A situação permanece assim por meses a fio e, um ano mais tarde, quando Landry voltava da casa dos pais para a Priche, a fazendo do compadre Caillaud, ele se perde. Novamente, é Fadette quem o ajuda, lembrando-o da promessa feita a ela há um ano. Desta vez, ela lhe cobra: como forma de expô-lo socialmente, faz com que ele prometa esperá-la na porta da igreja no dia da quermesse de São João, e dance três valsas com ela a primeira, a do meio e a última do dia. Embora ele tenha prometido à Madelon que com ela ficaria, ele cumpre a palavra e dança com a menina. O falatório é inevitável e Madelon ressente-se da rejeição, preferindo a companhia de outros rapazes. Daí para as conversas entre Fadette e Landry não decorre muito tempo, e o rapaz, aprendendo a conhecer a moça, explica-lhe por quê ela é malquista, ao passo em que ela devolve os comentários não como represália, mas para mostrar que ele também tem defeitos, como o de esnobar sem sequer dar a chance de a pessoa mostrar o seu valor. Aos poucos, conhecem-se e apaixonam-se, e Sylvinet, desconfiando do irmão, que chega aos domingos cada vez mais tarde e parte cada vez mais cedo, descobre o namoro e torna a definhar, embora tenha prometido interessar-se mais pelas tarefas que o pai lhe dá durante a semana. Mantém a fidelidade ao irmão e nada conta aos pais, que vêm a saber do interesse romântico do filho pela moça "de reputação duvidosa" por meio da fofoca de Madelon, que também descobre o romance.

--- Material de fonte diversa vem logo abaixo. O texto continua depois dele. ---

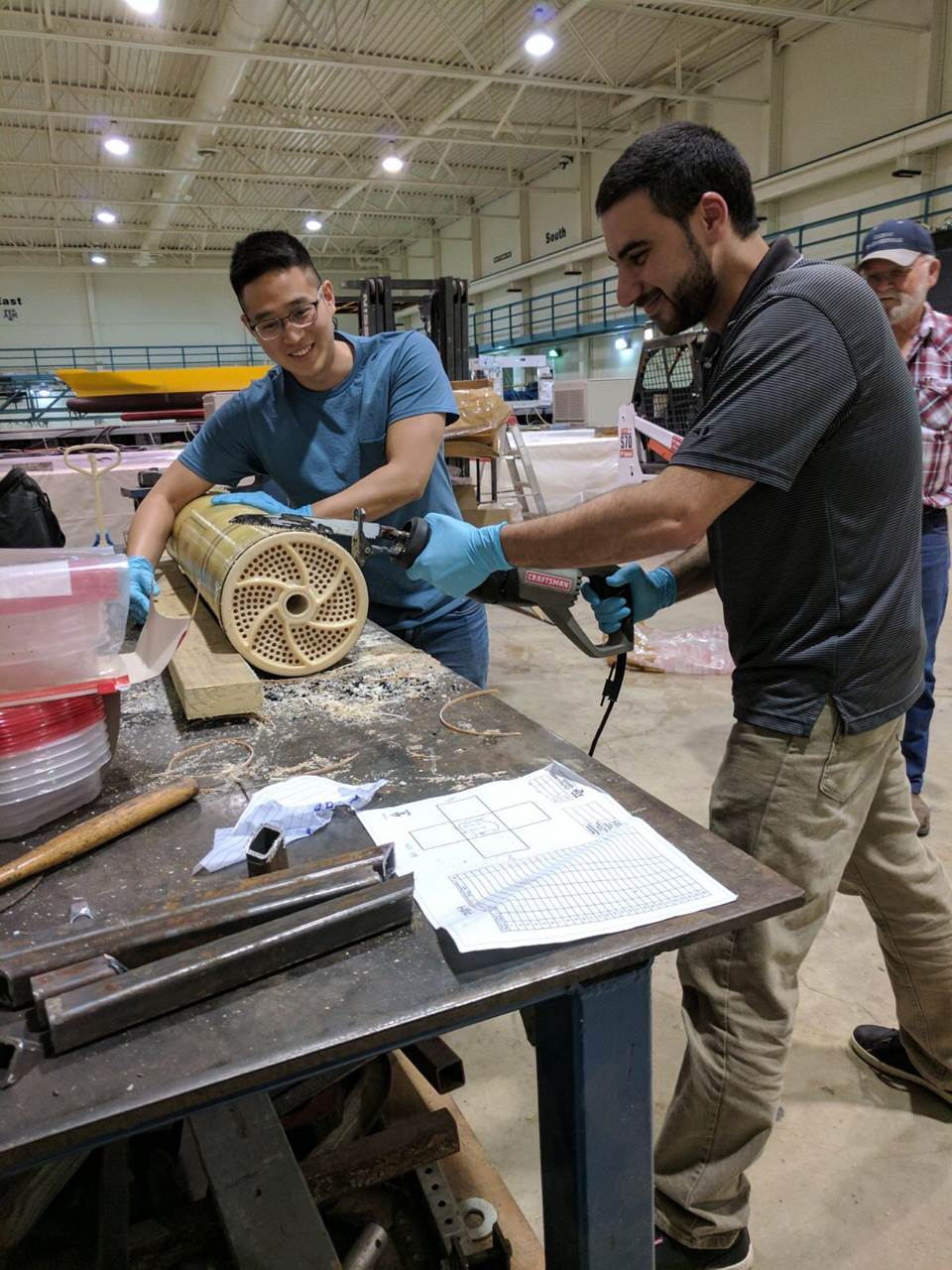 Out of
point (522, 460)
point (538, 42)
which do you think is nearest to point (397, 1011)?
point (522, 460)

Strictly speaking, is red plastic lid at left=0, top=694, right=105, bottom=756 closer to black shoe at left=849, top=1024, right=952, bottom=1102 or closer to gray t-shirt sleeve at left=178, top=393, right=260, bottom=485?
gray t-shirt sleeve at left=178, top=393, right=260, bottom=485

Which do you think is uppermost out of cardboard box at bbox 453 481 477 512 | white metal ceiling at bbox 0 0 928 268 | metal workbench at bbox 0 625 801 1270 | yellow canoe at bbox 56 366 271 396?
white metal ceiling at bbox 0 0 928 268

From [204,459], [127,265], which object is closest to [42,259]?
[127,265]

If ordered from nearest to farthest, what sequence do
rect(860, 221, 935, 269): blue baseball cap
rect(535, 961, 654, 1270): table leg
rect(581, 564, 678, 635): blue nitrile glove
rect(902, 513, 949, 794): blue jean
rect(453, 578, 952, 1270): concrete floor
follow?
rect(535, 961, 654, 1270): table leg, rect(453, 578, 952, 1270): concrete floor, rect(581, 564, 678, 635): blue nitrile glove, rect(860, 221, 935, 269): blue baseball cap, rect(902, 513, 949, 794): blue jean

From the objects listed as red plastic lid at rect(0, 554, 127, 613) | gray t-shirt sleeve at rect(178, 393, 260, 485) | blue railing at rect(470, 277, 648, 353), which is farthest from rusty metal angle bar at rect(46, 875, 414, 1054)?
blue railing at rect(470, 277, 648, 353)

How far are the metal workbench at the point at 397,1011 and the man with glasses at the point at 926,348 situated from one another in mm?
1674

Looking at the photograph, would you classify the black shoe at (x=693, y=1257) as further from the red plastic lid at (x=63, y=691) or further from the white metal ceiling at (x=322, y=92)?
the white metal ceiling at (x=322, y=92)

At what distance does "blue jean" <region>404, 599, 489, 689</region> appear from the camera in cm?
214

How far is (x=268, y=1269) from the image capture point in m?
1.04

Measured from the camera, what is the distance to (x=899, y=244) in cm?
233

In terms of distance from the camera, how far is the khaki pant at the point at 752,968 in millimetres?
1266

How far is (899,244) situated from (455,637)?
167 cm

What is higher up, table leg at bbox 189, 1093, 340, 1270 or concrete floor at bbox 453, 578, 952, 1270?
table leg at bbox 189, 1093, 340, 1270

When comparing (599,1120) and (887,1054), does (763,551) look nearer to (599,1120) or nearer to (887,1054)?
(599,1120)
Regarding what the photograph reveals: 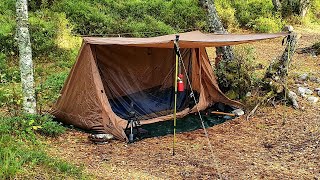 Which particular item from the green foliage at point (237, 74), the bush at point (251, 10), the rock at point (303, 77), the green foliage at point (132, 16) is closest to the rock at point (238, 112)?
the green foliage at point (237, 74)

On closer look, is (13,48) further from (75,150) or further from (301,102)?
(301,102)

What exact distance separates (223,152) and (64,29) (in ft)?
22.0

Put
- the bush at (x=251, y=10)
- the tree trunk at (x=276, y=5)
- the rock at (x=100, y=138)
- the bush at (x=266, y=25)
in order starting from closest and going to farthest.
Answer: the rock at (x=100, y=138)
the bush at (x=266, y=25)
the bush at (x=251, y=10)
the tree trunk at (x=276, y=5)

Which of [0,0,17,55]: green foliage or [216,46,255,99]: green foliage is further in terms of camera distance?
[0,0,17,55]: green foliage

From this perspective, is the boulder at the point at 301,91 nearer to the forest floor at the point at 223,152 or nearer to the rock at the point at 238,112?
the forest floor at the point at 223,152

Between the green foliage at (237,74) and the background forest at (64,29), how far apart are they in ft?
0.73

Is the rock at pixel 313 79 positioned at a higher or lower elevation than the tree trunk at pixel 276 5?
lower

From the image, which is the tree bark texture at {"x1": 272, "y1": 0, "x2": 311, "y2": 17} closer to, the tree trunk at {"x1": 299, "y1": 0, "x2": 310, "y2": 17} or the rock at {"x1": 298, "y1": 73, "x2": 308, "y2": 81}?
the tree trunk at {"x1": 299, "y1": 0, "x2": 310, "y2": 17}

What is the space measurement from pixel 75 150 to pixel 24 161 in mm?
1158

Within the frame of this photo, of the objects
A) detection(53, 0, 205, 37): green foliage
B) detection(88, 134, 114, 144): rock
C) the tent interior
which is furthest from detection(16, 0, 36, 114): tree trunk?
detection(53, 0, 205, 37): green foliage

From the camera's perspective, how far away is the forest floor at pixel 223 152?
4.52 metres

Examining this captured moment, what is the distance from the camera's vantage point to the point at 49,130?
5379mm

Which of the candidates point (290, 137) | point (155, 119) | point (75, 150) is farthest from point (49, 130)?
point (290, 137)

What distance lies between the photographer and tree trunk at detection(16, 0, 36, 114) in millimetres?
5297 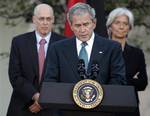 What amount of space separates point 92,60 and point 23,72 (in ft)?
4.93

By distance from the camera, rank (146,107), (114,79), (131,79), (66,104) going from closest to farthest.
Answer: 1. (66,104)
2. (114,79)
3. (131,79)
4. (146,107)

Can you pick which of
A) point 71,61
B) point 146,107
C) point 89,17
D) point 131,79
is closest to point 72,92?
point 71,61

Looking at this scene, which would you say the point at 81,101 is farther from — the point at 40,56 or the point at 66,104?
the point at 40,56

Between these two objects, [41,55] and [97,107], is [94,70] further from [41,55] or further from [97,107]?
[41,55]

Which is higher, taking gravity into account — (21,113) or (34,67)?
(34,67)

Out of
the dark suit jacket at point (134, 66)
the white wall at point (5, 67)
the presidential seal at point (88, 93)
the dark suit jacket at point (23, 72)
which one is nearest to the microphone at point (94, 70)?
the presidential seal at point (88, 93)

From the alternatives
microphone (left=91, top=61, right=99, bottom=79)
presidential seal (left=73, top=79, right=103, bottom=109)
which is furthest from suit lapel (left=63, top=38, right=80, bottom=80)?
presidential seal (left=73, top=79, right=103, bottom=109)

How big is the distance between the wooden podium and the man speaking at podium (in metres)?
0.23

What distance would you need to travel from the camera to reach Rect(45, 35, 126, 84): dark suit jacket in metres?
3.77

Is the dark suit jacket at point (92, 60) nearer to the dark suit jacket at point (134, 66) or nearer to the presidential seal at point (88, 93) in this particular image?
the presidential seal at point (88, 93)

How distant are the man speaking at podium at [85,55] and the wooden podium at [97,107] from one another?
23 cm

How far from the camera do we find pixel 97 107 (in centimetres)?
350

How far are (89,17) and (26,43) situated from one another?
4.92 ft

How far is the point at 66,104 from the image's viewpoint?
3480 millimetres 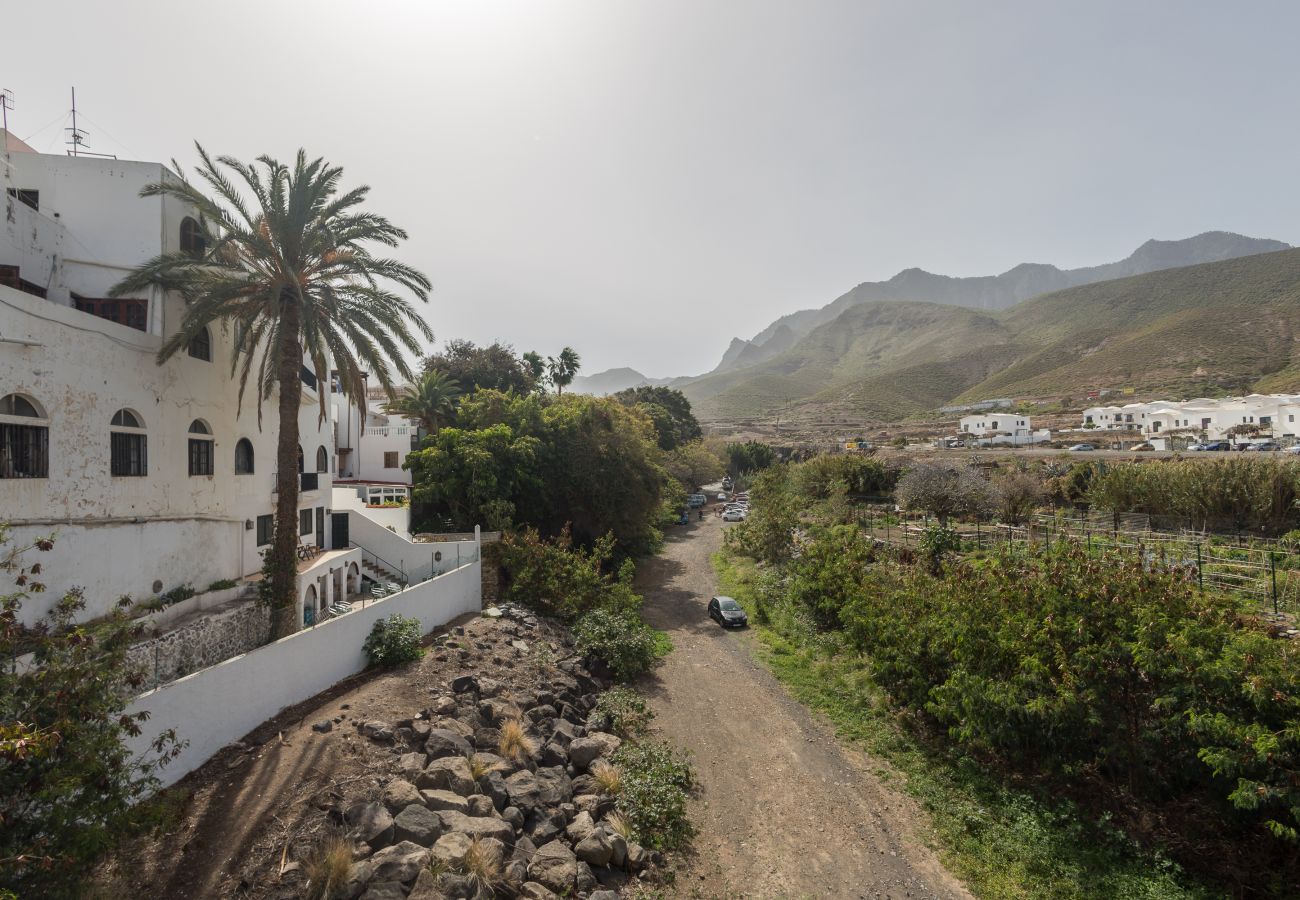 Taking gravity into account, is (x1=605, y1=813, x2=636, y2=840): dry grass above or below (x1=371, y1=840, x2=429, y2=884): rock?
below

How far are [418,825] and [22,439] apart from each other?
10.8 m

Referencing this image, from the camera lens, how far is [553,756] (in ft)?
40.3

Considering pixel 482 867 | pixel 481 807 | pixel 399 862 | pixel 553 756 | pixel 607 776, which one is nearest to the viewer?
pixel 399 862

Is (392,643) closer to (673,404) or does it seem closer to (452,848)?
(452,848)

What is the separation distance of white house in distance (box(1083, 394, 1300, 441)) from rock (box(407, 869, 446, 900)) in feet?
220

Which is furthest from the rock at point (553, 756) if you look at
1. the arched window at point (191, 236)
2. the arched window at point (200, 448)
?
the arched window at point (191, 236)

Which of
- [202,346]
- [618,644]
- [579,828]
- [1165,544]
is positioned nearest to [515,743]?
[579,828]

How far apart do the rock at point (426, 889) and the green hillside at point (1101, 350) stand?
89.1 m

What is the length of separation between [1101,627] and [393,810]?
493 inches

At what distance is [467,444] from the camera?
25.5 m

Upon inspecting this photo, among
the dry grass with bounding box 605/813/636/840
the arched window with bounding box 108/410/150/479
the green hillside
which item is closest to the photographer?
the dry grass with bounding box 605/813/636/840

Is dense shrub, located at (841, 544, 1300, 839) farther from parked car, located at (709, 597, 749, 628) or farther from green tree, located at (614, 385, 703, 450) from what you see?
green tree, located at (614, 385, 703, 450)

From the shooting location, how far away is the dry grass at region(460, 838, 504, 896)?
7.80 meters

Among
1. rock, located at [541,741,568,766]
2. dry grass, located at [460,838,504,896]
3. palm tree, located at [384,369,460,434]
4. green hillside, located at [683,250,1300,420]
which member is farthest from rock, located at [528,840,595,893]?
green hillside, located at [683,250,1300,420] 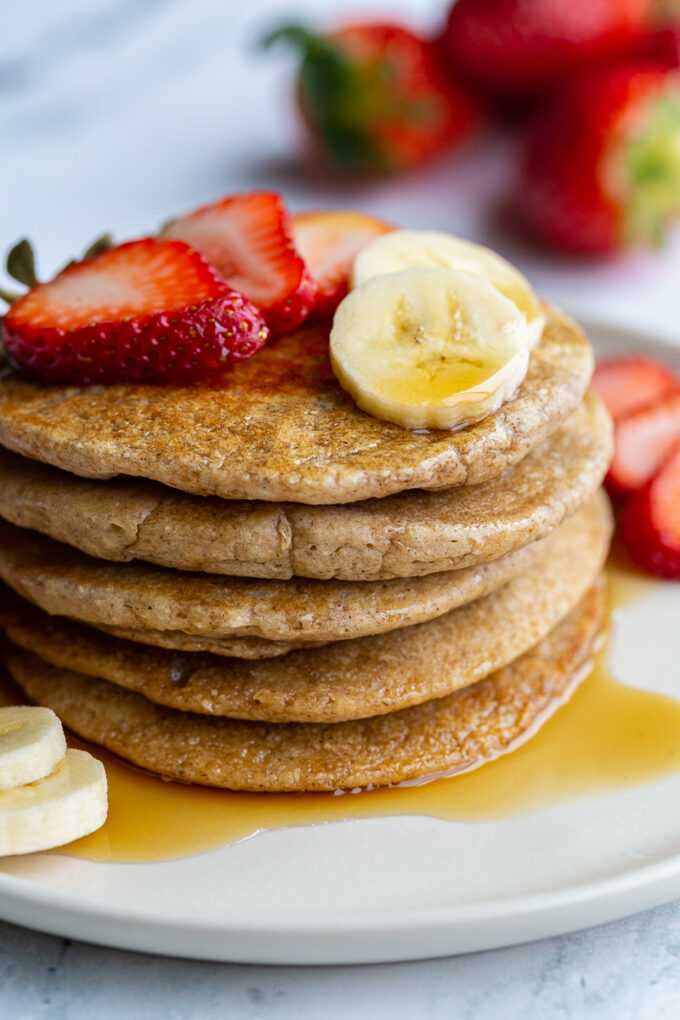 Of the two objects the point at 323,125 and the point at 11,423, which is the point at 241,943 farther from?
the point at 323,125

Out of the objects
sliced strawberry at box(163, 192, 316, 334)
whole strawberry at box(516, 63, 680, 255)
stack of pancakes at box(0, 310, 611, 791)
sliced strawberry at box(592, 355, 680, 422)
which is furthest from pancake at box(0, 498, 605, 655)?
whole strawberry at box(516, 63, 680, 255)

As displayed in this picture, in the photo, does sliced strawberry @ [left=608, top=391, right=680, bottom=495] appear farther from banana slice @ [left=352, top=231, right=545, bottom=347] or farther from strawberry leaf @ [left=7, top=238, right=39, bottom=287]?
strawberry leaf @ [left=7, top=238, right=39, bottom=287]

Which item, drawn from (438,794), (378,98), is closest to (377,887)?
(438,794)

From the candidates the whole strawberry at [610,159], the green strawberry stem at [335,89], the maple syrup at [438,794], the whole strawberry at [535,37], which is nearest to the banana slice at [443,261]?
the maple syrup at [438,794]

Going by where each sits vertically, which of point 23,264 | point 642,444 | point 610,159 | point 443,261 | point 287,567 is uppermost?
point 23,264

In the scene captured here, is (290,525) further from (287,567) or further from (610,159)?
(610,159)

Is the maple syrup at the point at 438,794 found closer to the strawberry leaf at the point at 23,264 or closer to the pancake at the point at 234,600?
the pancake at the point at 234,600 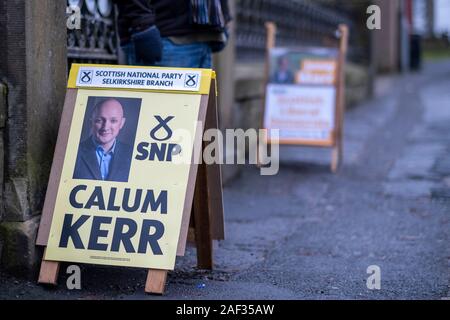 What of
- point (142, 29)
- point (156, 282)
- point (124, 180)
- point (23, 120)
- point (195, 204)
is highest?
point (142, 29)

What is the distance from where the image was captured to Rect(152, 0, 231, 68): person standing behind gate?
4754mm

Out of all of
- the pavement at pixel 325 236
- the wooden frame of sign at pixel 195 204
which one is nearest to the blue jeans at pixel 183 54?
the wooden frame of sign at pixel 195 204

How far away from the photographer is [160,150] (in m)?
3.99

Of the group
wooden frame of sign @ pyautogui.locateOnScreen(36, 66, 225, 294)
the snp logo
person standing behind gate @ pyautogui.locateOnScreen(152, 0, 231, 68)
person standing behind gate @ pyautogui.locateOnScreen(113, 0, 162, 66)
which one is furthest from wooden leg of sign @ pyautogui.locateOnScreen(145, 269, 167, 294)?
person standing behind gate @ pyautogui.locateOnScreen(152, 0, 231, 68)

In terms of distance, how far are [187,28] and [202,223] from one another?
1222 mm

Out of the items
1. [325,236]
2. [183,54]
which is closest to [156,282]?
[183,54]

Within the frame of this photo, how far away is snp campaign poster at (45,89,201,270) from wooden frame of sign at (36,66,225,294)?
0.11 ft

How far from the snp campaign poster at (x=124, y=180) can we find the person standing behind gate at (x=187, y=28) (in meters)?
0.82

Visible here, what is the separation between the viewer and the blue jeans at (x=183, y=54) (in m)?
4.86

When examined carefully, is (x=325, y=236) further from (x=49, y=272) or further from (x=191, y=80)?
(x=49, y=272)

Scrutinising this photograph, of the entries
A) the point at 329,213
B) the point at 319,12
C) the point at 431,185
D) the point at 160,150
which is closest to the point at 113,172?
the point at 160,150

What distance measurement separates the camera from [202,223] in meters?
4.33

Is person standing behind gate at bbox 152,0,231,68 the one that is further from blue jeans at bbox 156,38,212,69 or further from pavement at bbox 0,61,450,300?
pavement at bbox 0,61,450,300

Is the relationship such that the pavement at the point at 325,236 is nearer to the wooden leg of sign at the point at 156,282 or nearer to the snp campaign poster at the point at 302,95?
the wooden leg of sign at the point at 156,282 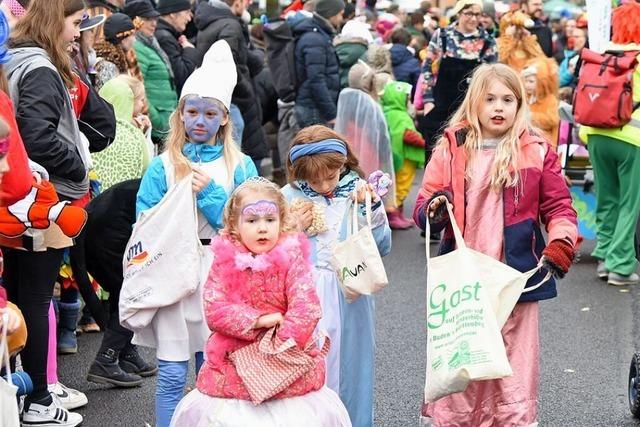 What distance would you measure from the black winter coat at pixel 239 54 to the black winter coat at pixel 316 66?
3.97 ft

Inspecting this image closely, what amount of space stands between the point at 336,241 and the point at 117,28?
3.57 m

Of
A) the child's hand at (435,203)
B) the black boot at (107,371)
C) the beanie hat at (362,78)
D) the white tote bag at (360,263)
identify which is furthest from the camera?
the beanie hat at (362,78)

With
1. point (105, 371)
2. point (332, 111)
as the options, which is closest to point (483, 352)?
point (105, 371)

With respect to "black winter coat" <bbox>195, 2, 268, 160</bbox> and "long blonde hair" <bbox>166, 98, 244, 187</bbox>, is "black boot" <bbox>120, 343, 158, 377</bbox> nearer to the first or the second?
"long blonde hair" <bbox>166, 98, 244, 187</bbox>

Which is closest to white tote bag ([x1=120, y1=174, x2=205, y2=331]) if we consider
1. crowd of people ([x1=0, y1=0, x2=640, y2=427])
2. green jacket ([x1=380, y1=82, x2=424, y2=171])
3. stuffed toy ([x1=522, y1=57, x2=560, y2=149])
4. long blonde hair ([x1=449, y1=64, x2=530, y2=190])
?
crowd of people ([x1=0, y1=0, x2=640, y2=427])

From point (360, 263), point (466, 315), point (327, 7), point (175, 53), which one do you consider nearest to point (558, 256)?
point (466, 315)

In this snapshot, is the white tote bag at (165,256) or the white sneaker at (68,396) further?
→ the white sneaker at (68,396)

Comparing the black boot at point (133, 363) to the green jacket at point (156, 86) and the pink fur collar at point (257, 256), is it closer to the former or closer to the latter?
the pink fur collar at point (257, 256)

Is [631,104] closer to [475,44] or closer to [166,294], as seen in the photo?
[475,44]

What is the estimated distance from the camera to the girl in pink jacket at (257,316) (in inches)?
179

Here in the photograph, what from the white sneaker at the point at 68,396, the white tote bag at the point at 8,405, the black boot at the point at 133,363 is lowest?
the black boot at the point at 133,363

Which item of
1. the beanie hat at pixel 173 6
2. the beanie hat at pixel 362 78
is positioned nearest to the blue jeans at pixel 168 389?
the beanie hat at pixel 173 6

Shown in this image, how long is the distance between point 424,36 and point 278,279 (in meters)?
17.2

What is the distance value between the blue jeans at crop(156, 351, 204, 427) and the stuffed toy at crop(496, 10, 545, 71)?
7751 millimetres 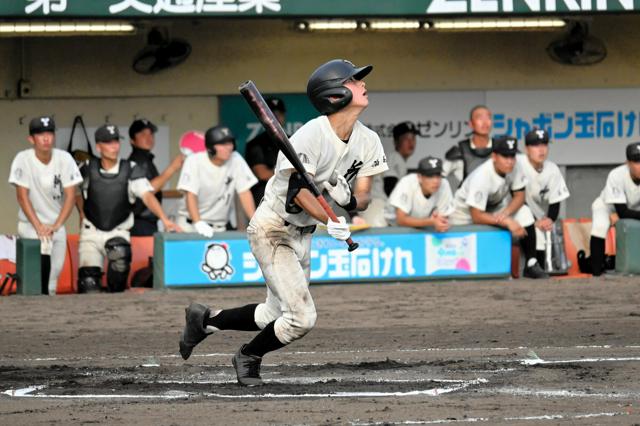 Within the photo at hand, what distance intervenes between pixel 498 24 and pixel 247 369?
277 inches

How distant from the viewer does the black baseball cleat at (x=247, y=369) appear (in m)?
7.07

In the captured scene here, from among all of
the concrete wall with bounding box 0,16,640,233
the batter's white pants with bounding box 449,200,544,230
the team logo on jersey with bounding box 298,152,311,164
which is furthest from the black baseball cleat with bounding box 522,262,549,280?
the team logo on jersey with bounding box 298,152,311,164

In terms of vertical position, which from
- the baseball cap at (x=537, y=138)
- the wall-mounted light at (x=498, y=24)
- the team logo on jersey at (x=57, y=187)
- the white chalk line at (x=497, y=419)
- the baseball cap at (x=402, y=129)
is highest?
the wall-mounted light at (x=498, y=24)

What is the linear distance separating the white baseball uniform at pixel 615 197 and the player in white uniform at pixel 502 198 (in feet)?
1.94

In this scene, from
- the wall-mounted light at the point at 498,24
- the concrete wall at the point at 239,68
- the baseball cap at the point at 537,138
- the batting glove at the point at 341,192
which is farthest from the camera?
the concrete wall at the point at 239,68

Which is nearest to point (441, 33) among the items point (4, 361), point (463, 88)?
point (463, 88)

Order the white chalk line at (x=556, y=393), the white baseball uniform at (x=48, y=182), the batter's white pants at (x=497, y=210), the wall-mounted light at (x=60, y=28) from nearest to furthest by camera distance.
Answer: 1. the white chalk line at (x=556, y=393)
2. the white baseball uniform at (x=48, y=182)
3. the batter's white pants at (x=497, y=210)
4. the wall-mounted light at (x=60, y=28)

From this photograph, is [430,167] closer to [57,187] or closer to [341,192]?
[57,187]

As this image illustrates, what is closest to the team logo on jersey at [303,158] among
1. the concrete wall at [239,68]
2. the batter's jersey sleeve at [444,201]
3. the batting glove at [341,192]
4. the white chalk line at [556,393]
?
the batting glove at [341,192]

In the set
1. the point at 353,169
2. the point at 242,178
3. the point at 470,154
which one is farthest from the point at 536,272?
the point at 353,169

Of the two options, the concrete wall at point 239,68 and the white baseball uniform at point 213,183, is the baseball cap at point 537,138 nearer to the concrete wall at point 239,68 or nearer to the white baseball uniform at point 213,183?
the concrete wall at point 239,68

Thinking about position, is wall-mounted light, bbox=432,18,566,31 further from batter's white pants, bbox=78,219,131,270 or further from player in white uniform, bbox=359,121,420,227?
batter's white pants, bbox=78,219,131,270

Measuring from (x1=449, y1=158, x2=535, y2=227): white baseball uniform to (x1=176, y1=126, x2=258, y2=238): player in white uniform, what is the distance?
1.78m

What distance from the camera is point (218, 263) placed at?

Tendo morrido a avó, Fadette decide ir-se embora do vilarejo para se empregar numa casa de família em outro lugar e, ali, aprender a ser mais recatada, mais prendada e mais feminina. Volta dois anos mais tarde, embora nesse período encontre Landry uma vez, e renova sua jura de amor ao rapaz, que faz o mesmo a ela. A situação se resolve não pelo amor, que estaria fadado à tragédia se dependesse só dele, mas ao dinheiro, porque a avó reservava cada centavo que podia pensando no futuro dos netos, e Fadette se descobre dona de uma fortuna suficiente para ter propriedades. Sem que Landry sequer desconfie de sua riqueza, ela procura o pai do rapaz e lhe mostra a fortuna, pedindo-lhe para que a ajude a contá-la e para que a aconselhe a melhor forma de aplicá-la. Quando o pai dos gêmeos vê a soma, aconselha-se com advogados e, além disso, vai até a patroa de Françoise para saber como a moça havia se comportado naqueles dois anos em que ali havia trabalhado. Uma vez entendendo que a reputação dela sempre se deu devido ao abandono da mãe, que o fez por causa de um homem, e à reputação da avó, que nada mais era do que conhecedora da botânica e da química das plantas, o compadre e a comadre Barbeau dão o consentimento aos jovens para que se casem.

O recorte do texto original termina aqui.